Our demons – 17 June 2016


The gospel lesson for next Sunday is Luke’s telling of Jesus’s encounter with the madman of Gerasa and his demons.  We find this related in all three synoptic gospels, with much variation.  The story clearly worried the early church – and it is a big problem for various reasons.  My first self-protective instinct was to talk about something else this morning.  But this unpleasant narrative does have a weird challenge about it – how can we talk intelligently and meaningfully in the 21st century, as people of faith, about demons and madness…?

I think it is worth noting that Luke has sandwiched this story between the dramatic account of Jesus stilling the storm on the lake, and the incidents where Jesus instantly heals a woman with a chronic haemorrhage, and then raises a dead child to life.  So Jesus is being depicted as having supernatural power, over the storm, over the world of demons, and over sickness and even death.  And we have to ask, all the more urgently… How do we approach all this in our day, sensibly, sensitively, without surrendering to naiveté and superstition, in order to hear what these things may be saying to us about God and faith.

Of course the story comes to us in 1st century terms.  Madness was demon possession.  Jesus could speak to the demons.  The man lived chained up naked in the graveyard.  He had no name but called himself Legion.  And animal rights people just have to endure the fact that Jesus orders the demons into a lot of pigs, which are forthwith drowned in the lake.  Of course, strict Jews would have thought that was appropriate for pigs, unclean animals – rather in the way the Nazis thought it appropriate to torment Jews because they were only Untermenschen, sub-human, anyway. 

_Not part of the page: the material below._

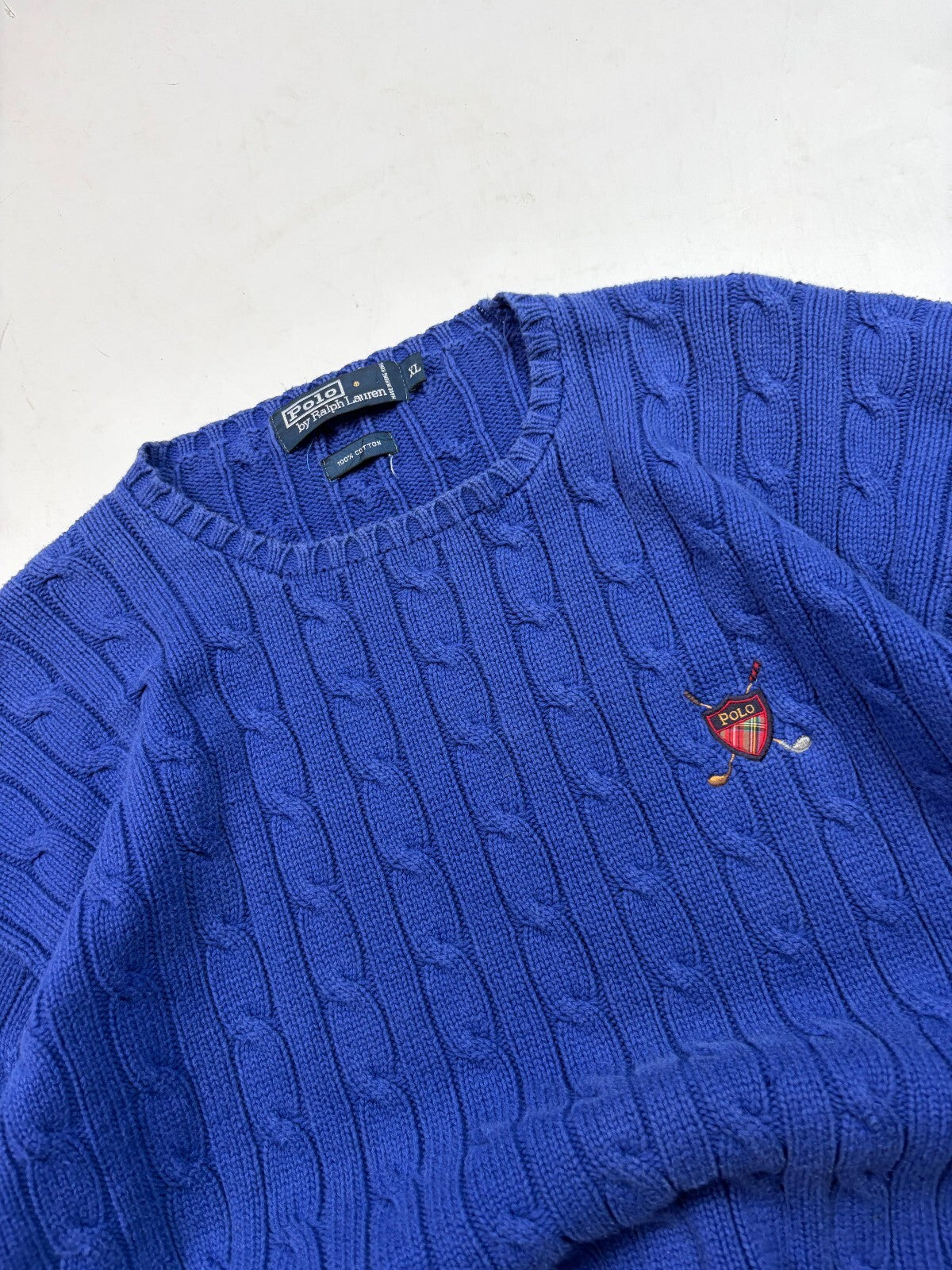 Vintage 90s Polo Ralph Lauren golf cable knit sweater (XL)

Now… The more I think about this, the more I realise that I am not at all ready to wave any light dismissal to demons.  There is a pitch of evil which is not explained by all our science.  We don’t explain it by demons either.  But when we say, for instance, that someone has personal demons, it is a graphic way of referring to a reality.   I wonder, do we teach serious sustained history in our schools anymore?  My teachers were people steeped in the ancient classics and onwards, and they understood in the human record that, like eruptions on the skin, evil simply breaks through into human activity and society, and even the most intelligent of us can default to it and become captive to it.  We have seen this over and over in history, and we are most certainly seeing it in our day.  The evil which compelled a man to murder 49 people and injure as many more, from motives of pure hatred, in a Florida nightclub.  The evil which is compelling thousands of crazed men with guns, around Syria and Libya and other parts, killing people and laying waste to the land.  The evil which drives football fans to turn into drunken mobs, mindlessly attacking others…  And I have no time even to get started on the evils of injustice and inequality, much more complex, which see people left without the utter basics of food, water, housing or safety, health care or education. 

It seems to me, as a Christian believer, that evil stalks abroad.  It seems to me also that in this story of the Gerasene demoniac we have, an ancient picture, of Jesus confronting the evil, bringing light and health, delivering, and creating anew.  It has been and remains true in the lives of many believers.  The deliverer, this Jesus, is whom we encounter in our silence and submission.